> _Data for review_:
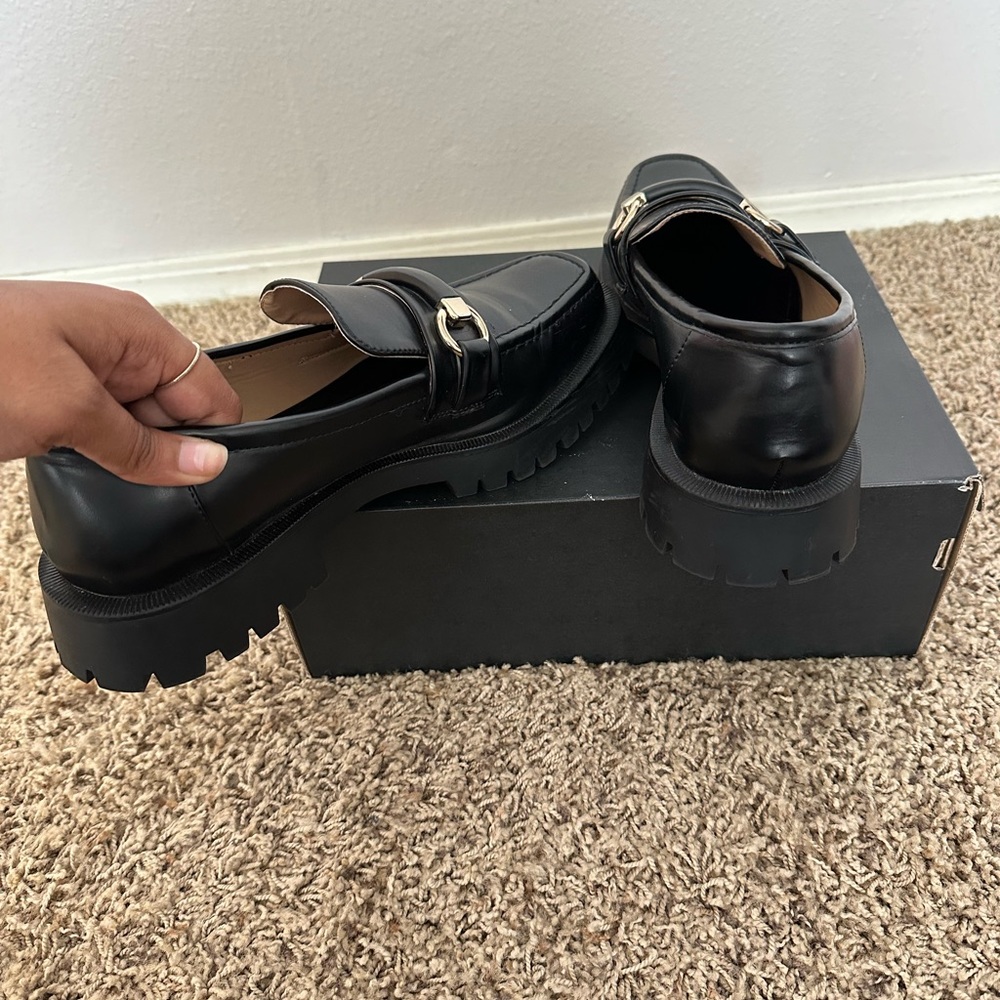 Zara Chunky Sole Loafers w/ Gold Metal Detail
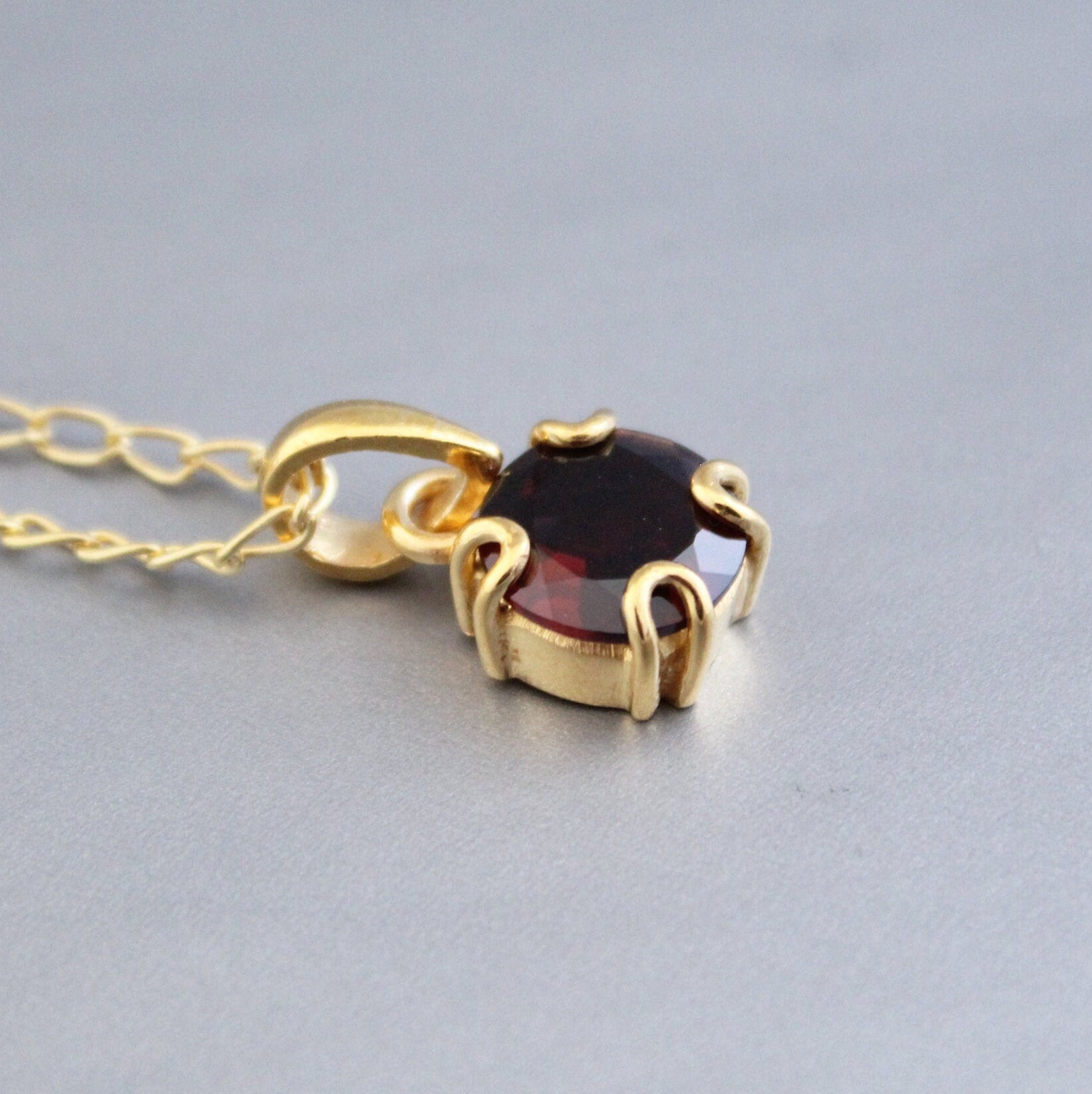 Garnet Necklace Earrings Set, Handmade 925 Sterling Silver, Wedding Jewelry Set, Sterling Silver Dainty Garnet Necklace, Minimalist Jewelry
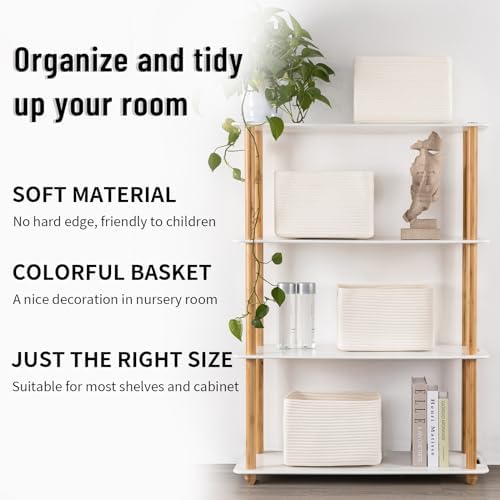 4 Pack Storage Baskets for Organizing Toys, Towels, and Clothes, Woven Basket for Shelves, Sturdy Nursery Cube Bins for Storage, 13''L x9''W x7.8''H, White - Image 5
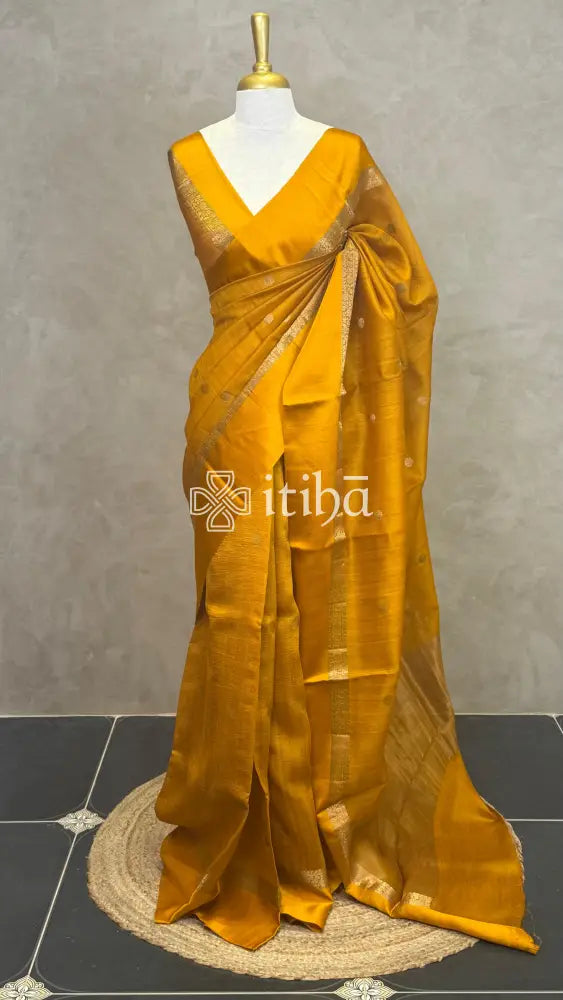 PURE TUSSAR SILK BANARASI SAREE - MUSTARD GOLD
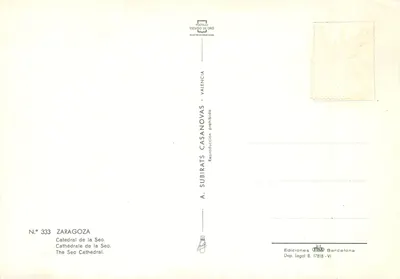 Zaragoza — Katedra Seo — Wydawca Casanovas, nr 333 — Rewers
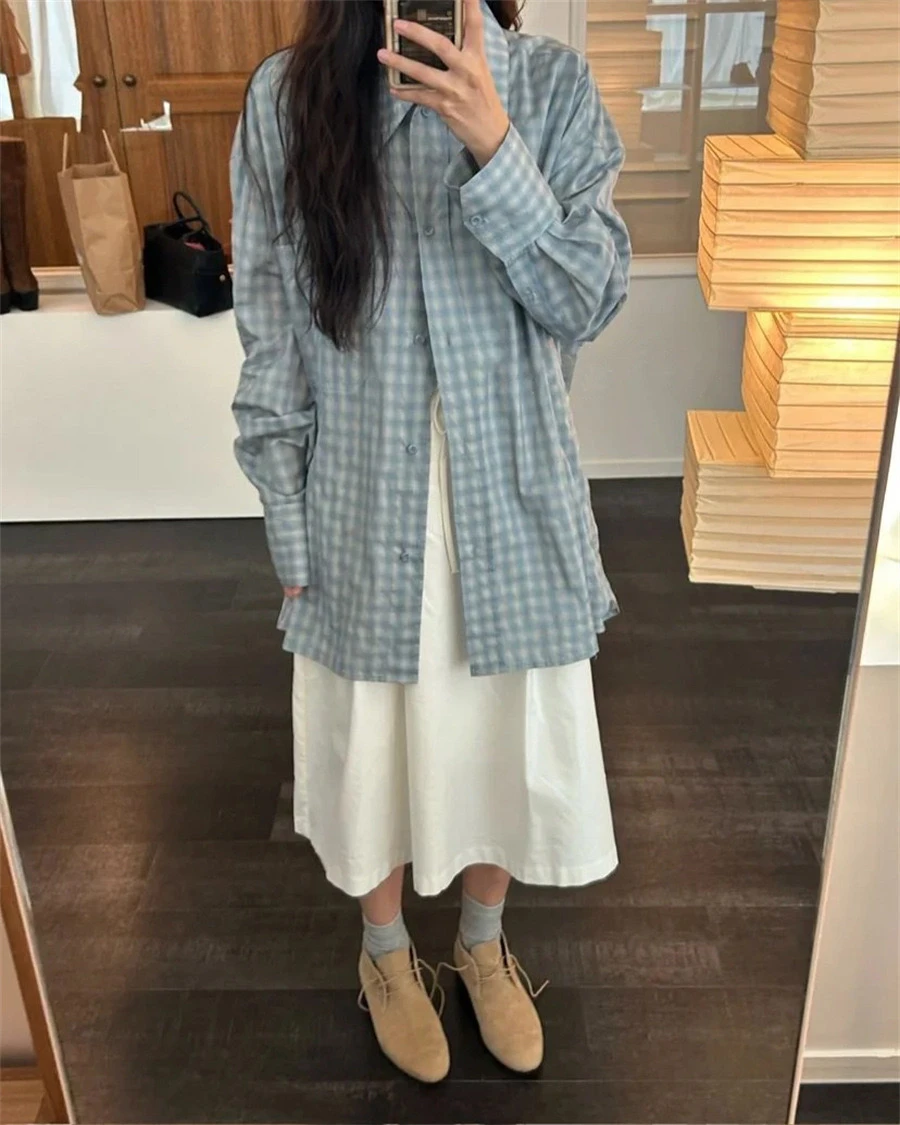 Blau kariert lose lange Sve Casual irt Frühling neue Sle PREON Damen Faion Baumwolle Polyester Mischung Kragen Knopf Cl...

> _What to do_:
Print the material in full and exactly, minus the pictures.

> _The answer_:
 Zara Chunky Sole Loafers w/ Gold Metal Detail
 Garnet Necklace Earrings Set, Handmade 925 Sterling Silver, Wedding Jewelry Set, Sterling Silver Dainty Garnet Necklace, Minimalist Jewelry
 4 Pack Storage Baskets for Organizing Toys, Towels, and Clothes, Woven Basket for Shelves, Sturdy Nursery Cube Bins for Storage, 13''L x9''W x7.8''H, White - Image 5
 PURE TUSSAR SILK BANARASI SAREE - MUSTARD GOLD
 Zaragoza — Katedra Seo — Wydawca Casanovas, nr 333 — Rewers
 Blau kariert lose lange Sve Casual irt Frühling neue Sle PREON Damen Faion Baumwolle Polyester Mischung Kragen Knopf Cl...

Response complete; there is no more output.